6.1    Confirmation and Effect. The provisions of the Credit Agreement (as amended by this Fifth Amendment) shall remain in full force and effect in accordance with its terms following the effectiveness of this Fifth Amendment. Each reference in the Credit Agreement to “this Agreement”, “hereunder”, “hereof’, “herein”, or words of like import shall mean and be a reference to the Credit Agreement as amended hereby, and each reference to the Credit Agreement in any other document, instrument or agreement executed and/or delivered in connection with the Credit Agreement shall mean and be a reference to the Credit Agreement as amended hereby.
6.2    Ratification and Affirmation of Credit Parties.
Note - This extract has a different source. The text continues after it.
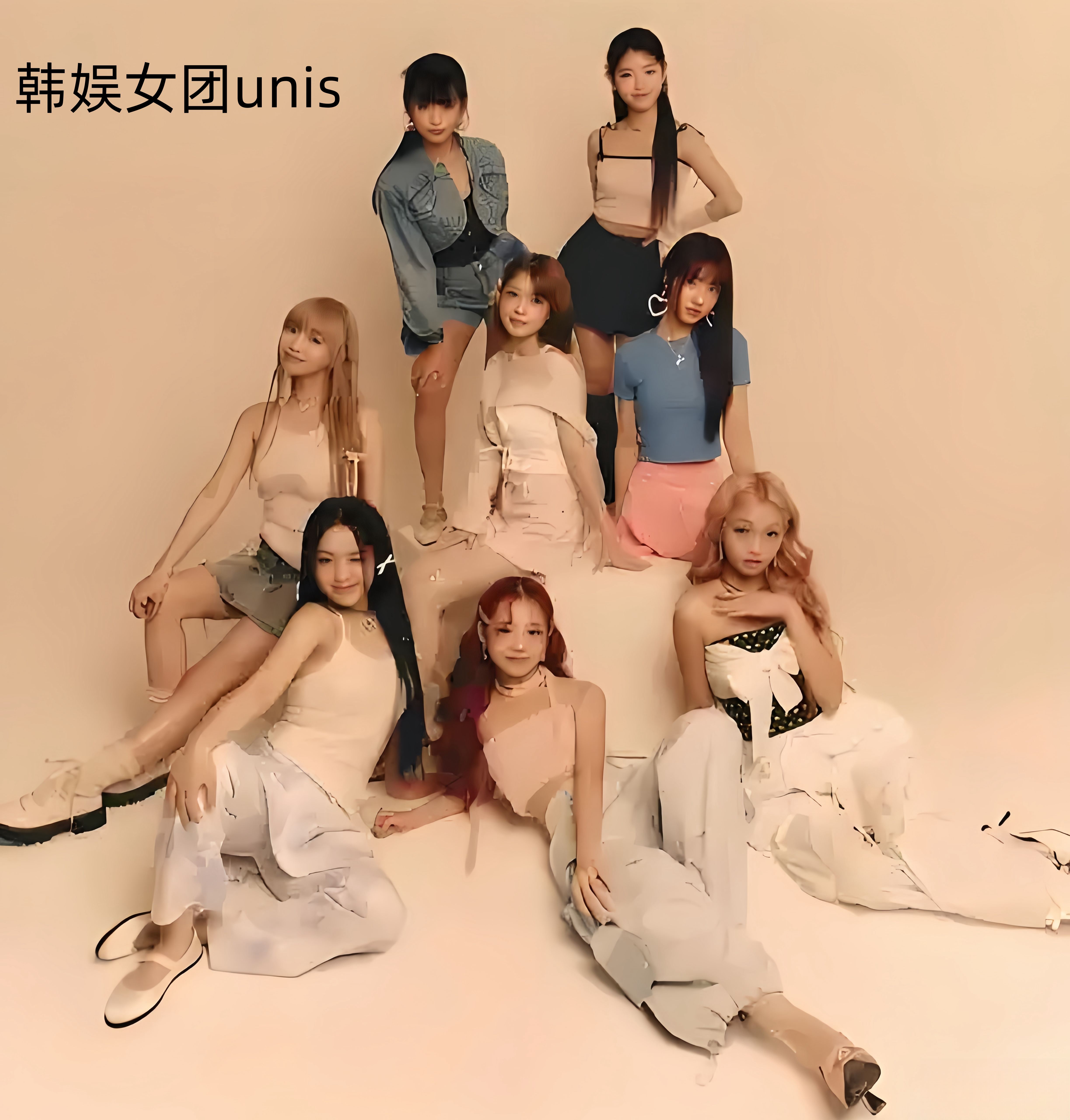 13岁韩女团成员，拍摄中乳牙掉了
Each of the Credit Parties hereby expressly (a) acknowledges the terms of this Fifth Amendment, (b) ratifies and affirms its obligations under the Facility Guaranty and the other Loan Papers to which it is a party, (c) acknowledges, renews and extends its continued liability under the Facility Guaranty and the other Loan Papers to which it is a party (in each case, as amended hereby), (d) agrees that its guarantee under the Facility Guaranty and the other Loan Papers (in each case, as amended hereby) to which it is a party remains in full force and effect with respect to the Obligations, as amended hereby, (e) represents and warrants that (i) the execution, delivery and performance of this Fifth Amendment has been duly authorized by all necessary corporate or company action of the Credit Parties, (ii) this Fifth Amendment constitutes a valid and binding agreement of the Credit Parties, and (iii) this Fifth Amendment is enforceable against each Credit Party in accordance with its terms except as (A) the enforceability thereof may be limited by bankruptcy, insolvency or similar Laws affecting creditors’ rights generally, and (B) the availability of equitable remedies may be limited by equitable principles of general applicability, and (f) acknowledges and confirms that the amendments contemplated hereby shall not limit or impair any Liens securing the Obligations, each of which are hereby ratified, affirmed and extended to secure the Obligations after giving effect to this Fifth Amendment.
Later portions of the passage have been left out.